Susan Murie has been an artist for over 40 years, working in film, video, photography, and currently with cyanotypes, a hybrid of photography and printmaking. She hand applies a cyanotype solution to fine art papers to make archival prints. Subjects of her explorations are conceptual, botanical, nature and reliquaries. Her work ranges in size from 8"x8" to 54" x 40". This year she creating a collection/installation of Kintsugi washi paper flower pieces with a take on a traditionally based repair ritual using gold ink. "Translated to “golden joinery,” Kintsugi (or Kintsukuroi, which means “golden repair”) is the centuries-old Japanese art of fixing broken pottery with a special lacquer dusted with powdered gold, silver, or platinum" (quote from mymodernmet.com). Another project will be an exploration, in cyanotype, of large horizontal branches and their blossoms.

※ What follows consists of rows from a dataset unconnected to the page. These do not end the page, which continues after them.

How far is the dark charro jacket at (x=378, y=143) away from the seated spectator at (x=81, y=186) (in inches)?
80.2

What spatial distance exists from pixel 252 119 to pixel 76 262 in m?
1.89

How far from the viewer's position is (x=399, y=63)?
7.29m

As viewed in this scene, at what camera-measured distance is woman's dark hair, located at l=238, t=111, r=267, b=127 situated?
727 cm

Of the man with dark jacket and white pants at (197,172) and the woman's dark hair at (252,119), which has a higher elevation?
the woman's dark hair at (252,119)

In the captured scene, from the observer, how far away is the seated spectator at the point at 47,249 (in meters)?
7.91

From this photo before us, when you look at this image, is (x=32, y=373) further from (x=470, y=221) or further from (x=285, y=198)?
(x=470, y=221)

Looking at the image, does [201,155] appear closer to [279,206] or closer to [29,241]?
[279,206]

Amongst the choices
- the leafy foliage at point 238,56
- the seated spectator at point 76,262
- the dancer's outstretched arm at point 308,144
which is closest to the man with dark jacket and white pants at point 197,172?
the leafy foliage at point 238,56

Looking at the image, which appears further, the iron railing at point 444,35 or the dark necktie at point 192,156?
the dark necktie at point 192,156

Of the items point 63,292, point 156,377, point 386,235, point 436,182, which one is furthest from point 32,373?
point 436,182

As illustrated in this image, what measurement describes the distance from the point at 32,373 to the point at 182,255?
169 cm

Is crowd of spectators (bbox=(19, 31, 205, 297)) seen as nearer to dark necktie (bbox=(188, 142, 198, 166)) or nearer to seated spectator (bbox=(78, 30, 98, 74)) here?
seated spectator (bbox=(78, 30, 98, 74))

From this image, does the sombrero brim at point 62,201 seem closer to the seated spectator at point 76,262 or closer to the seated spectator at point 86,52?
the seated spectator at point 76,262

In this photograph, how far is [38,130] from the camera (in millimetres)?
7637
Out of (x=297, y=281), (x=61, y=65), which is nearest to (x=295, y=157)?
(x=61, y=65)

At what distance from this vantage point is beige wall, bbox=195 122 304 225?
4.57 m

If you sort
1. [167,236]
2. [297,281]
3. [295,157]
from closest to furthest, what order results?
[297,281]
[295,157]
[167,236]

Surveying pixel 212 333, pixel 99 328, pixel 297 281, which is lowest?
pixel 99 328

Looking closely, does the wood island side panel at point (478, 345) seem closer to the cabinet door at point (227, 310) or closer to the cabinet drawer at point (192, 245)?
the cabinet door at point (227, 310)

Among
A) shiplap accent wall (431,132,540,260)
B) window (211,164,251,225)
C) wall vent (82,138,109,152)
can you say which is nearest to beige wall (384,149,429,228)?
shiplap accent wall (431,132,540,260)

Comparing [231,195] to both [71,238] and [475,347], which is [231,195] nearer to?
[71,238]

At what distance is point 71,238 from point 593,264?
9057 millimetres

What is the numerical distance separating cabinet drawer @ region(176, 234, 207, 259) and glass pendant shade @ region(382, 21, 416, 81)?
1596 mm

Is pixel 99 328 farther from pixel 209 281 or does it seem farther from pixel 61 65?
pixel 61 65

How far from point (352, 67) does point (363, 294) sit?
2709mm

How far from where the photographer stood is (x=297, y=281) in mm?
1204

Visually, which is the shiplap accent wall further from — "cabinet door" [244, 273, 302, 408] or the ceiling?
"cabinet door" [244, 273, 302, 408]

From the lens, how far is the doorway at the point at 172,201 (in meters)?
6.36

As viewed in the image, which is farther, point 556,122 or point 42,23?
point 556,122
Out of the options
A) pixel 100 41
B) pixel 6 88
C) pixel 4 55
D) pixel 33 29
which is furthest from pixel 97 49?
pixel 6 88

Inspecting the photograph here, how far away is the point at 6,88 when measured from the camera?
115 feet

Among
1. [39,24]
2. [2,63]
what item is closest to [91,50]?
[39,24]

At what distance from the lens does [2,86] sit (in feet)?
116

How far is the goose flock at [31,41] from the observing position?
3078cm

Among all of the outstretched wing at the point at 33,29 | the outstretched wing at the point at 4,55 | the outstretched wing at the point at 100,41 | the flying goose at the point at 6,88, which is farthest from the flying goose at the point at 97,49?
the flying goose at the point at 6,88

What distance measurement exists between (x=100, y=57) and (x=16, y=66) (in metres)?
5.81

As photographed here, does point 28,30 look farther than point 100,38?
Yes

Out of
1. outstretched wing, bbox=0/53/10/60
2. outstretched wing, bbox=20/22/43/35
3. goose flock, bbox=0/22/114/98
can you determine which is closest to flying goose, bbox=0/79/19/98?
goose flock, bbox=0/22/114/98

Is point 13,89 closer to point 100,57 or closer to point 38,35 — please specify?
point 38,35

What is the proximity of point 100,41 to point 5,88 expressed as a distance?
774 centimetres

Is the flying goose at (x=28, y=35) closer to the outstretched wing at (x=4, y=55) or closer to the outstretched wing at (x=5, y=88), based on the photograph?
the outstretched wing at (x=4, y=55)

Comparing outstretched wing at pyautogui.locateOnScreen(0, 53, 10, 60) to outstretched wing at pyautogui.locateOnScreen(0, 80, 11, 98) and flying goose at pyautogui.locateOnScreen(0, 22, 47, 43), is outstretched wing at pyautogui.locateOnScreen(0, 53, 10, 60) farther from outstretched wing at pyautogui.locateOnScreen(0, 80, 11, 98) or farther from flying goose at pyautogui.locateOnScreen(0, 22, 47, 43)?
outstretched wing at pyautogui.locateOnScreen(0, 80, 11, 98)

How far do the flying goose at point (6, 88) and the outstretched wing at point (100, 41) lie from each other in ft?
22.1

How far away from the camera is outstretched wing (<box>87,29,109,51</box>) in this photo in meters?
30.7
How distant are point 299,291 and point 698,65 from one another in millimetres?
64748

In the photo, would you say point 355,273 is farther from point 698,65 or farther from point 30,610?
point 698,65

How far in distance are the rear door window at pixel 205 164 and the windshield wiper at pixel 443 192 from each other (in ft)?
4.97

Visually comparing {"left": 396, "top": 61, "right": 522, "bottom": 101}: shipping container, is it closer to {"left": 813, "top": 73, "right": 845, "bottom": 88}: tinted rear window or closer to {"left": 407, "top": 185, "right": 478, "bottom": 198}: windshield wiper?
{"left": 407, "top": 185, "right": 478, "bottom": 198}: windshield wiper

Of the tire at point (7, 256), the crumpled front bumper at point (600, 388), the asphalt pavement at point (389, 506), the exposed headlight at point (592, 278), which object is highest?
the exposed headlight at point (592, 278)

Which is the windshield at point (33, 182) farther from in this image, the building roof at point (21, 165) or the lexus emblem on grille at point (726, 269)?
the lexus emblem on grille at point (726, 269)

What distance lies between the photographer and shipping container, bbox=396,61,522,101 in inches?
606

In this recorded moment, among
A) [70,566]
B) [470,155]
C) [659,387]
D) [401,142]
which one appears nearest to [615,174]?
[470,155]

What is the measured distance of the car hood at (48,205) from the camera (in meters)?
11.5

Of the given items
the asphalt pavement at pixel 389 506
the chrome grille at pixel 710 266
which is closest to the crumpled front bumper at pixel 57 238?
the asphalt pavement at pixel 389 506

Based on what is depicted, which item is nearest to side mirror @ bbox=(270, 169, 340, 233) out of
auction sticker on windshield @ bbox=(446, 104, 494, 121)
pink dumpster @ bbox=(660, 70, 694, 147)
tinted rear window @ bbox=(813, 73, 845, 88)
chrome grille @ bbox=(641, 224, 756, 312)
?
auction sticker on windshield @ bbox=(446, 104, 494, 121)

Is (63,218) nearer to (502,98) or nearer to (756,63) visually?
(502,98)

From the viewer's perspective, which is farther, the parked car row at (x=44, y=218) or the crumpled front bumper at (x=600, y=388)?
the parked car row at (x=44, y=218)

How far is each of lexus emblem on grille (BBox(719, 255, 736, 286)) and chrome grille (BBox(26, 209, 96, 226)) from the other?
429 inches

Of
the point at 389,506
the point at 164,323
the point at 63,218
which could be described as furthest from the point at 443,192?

And for the first time she is exploring figurative forms with her cyanotype work. For Community Supported Art, she plans to create 8" x 11.5" botanical/conceptual pieces on cotton/linen paper. They would all be of a similar theme, but each print will be unique, one-of-a-kind.
Leah Pillsbury is a mixed media artist originally from Los Angeles, California. Her work is heavily influenced by where she is and the places she has lived before, including Tanzania, Kenya, India, Ecuador, Chile, Israel, Bolivia, and most recently, Washington, D.C. The iterative process of moving to new places and starting over in different political and social environments plays a strong role in her prints, drawings, photographs, ceramics, and papier-maché sculptures. In September 2016, she moved to Boston to attend graduate school. She is studying mechanical engineering at Boston University as a career pivot from diplomacy. She continues her artistic practice at the Artisans Asylum where she runs the print shop and teaches screenprinting classes.

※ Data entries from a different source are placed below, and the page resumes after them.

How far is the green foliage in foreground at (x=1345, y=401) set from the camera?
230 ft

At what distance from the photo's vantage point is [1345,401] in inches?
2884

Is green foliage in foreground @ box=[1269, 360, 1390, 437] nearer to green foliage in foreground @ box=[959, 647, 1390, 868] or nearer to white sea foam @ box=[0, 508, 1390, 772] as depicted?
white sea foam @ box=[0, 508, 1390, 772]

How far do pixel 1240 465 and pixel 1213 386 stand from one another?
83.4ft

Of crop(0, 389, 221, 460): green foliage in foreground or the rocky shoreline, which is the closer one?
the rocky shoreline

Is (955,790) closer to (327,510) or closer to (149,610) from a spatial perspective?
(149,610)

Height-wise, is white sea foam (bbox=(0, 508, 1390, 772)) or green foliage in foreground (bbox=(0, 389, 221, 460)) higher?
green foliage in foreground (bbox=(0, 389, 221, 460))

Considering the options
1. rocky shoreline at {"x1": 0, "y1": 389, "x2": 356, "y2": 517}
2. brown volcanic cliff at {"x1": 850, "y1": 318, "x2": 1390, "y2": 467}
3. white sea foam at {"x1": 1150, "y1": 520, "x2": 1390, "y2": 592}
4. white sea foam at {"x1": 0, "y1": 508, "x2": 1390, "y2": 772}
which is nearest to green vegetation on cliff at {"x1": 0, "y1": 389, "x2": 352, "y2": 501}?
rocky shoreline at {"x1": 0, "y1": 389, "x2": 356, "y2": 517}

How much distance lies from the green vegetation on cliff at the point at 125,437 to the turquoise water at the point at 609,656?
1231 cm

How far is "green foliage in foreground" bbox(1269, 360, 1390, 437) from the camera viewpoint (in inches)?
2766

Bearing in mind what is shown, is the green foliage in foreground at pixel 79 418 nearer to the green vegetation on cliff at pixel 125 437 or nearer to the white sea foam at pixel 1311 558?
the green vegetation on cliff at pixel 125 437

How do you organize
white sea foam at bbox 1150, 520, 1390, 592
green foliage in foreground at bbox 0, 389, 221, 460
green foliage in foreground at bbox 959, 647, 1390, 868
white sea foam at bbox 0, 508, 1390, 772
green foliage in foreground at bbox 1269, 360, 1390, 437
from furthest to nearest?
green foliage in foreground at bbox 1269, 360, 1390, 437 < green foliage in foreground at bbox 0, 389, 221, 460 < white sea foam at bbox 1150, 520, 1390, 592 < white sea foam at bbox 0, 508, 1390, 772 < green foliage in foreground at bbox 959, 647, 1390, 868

For Community Supported Art, her project is a series of limited-edition prints. She wants to continue exploring how her different homes across the globe have contributed to her current sense of home and belonging. She may expand the proverb idea to include a whole series of various cultures' wisdom, or use this as a jumping off point to explore other themes of connectedness across space and cultural background.
Cory Shea is a multimedia artist. Most recently her work is focused on the theme of the “Worry Dolls.” She explains: “The ‘Worry Doll’ series turned my nighttime anxiety into artwork. When I can’t sleep at night (with a scrolling to-do list of what has to get done), I find myself generating these collages in order to relax my mind. What starts with thoughts of ‘Did I pay my car insurance?’ Turns into nightmarish reflections of what is currently happening in the world and how helpless I feel. I’ve always been this way, the worries just have gotten greater. My Mom gave me my first box of Worry Dolls to stick under my pillow and I remember telling each one a fear or worry while I tried to relax. Once a worrier - always a worrier.” Her work is a reflection of those intricate fears, and how they collide and build onto each other. She represents that by layering digital imagery on top of each other. She prints the images and then adds in textural elements, because she believes people worry in just more than one dimension. For Community Supported Art, she is interested in creating hand-made ceramic tiles, transferring her digital images to these tiles, and then adding on organic shapes and textures.